There’s lots, lots more in this bill that we will be delving into, particularly after it’s signed into law. But those are just a couple things to think about.

David Muhlbaum: Okay, yeah, right. And Sandy, those details, we’ll be talking about them but they’re also going to be in that link that we’re going to put in the show notes. We know there’s a lot in SECURE Act 2.0. Please, check it out. We’ve got the detail right there for you.

David Muhlbaum: Coming up next, fuel prices. We’re going to talk about why they’re high, why they’re going to stay high, and what you can do about it with Jim Patterson from the Kiplinger Letter. Stick around.

High Gas Prices with The Kiplinger Letter’s Jim Patterson

David Muhlbaum: Welcome back to Your Money’s Worth. Joining us today is Jim Patterson, the managing editor of the Kiplinger Letter, who you last heard here over a year ago to tell us his publication’s forecast for the year 2021. And while as managing editor, he has oversight of the Letter and all of its coverage, he also brings subject matter expertise to the table and he has, for almost a decade now, or maybe over a decade now, provided weekly updates on the direction of energy prices for Kiplinger’s Economic Outlooks. And those you can see for free, online.

David Muhlbaum: So Sandy, last episode you and I, we had gas prices on the mind and we wanted to find a qualified guest. Well, we have one right here in-house, that being Jim. So welcome back, Jim. Thanks for joining us and putting your toddler in timeout or whatever you needed to do to find the time.

Jim Patterson: Thank you, guys. Good to be back. And yeah, my son, George, is hurting these days from the high diesel prices we’re seeing these days. He’s going to have to put his toy school buses into storage, I think.

David Muhlbaum: Oof, you’re teaching him the hard lessons early, I see.

Jim Patterson: He better learn sooner rather than later.
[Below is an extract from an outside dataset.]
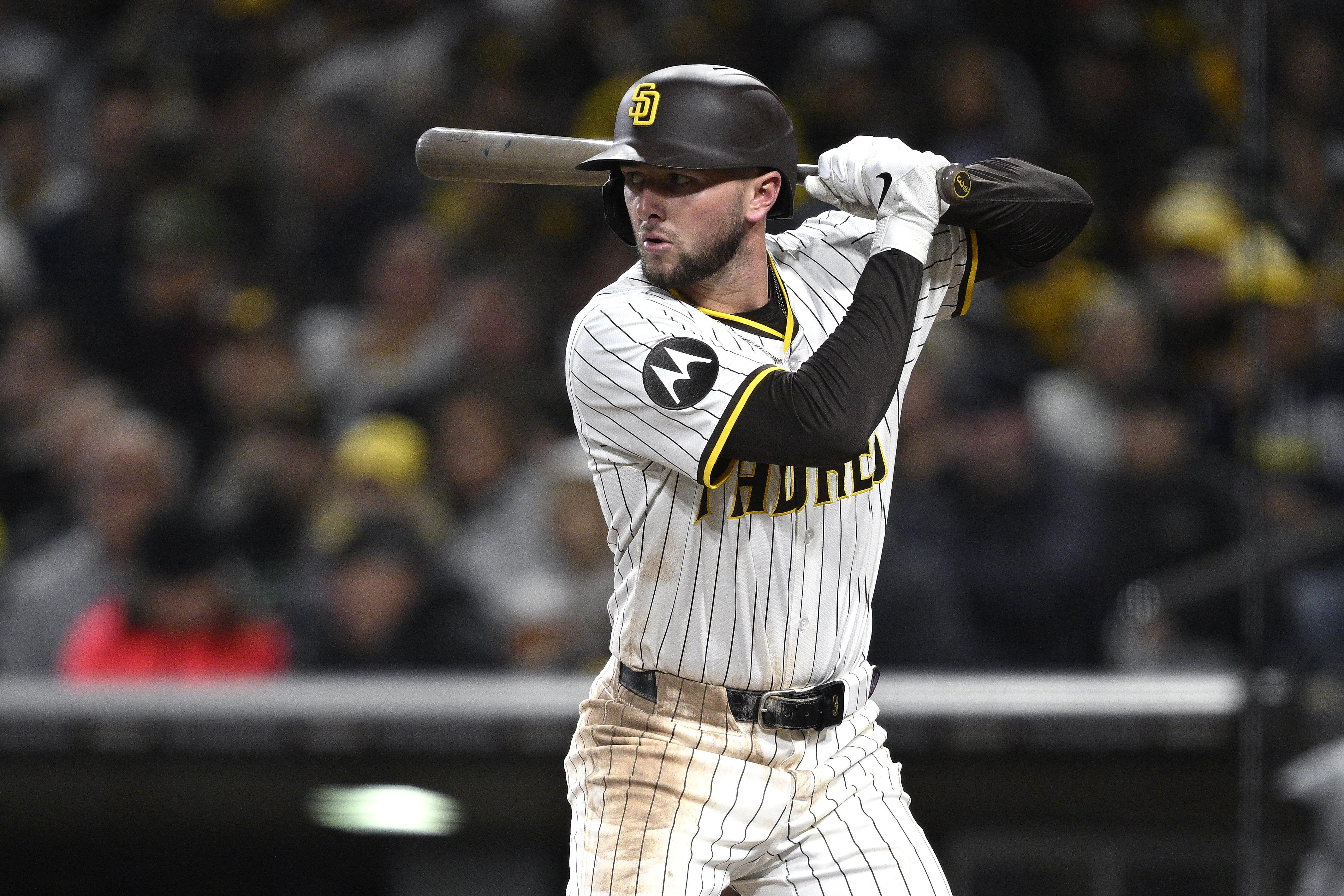 Cleveland Guardians v San Diego Padres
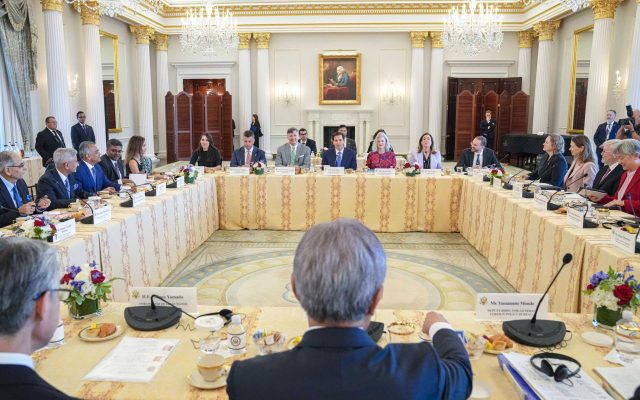 Is the Quad Fading? India, Trump and the Summit That Never Happened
David Muhlbaum: Okay, well prices are going to come down?

Jim Patterson: No, the short answer is no, David. I’m afraid we’re not going to see much in terms of relief at the gas pump for consumers. I wish I could say yes, but I don’t think that’s going to be the case.

Sandy Block: Well I guess that’s not surprising but it is definitely depressing because as we’ve discussed gas prices are something that’s front of mind for anybody who’s got a car and maybe even if you ride the bus.

Jim Patterson: Right. Gas prices are maybe the most widely watched price in our entire economy. We literally have them on giant signs on every street corner. So especially when they go up a lot really quickly, everyone’s very aware of them. They know they’re paying more at the pump. They really feel it. They really feel the hit to their spending power. It’s not necessarily the biggest expense for most households, but it’s one everyone is keenly aware of. So it really affects consumer psychology a lot.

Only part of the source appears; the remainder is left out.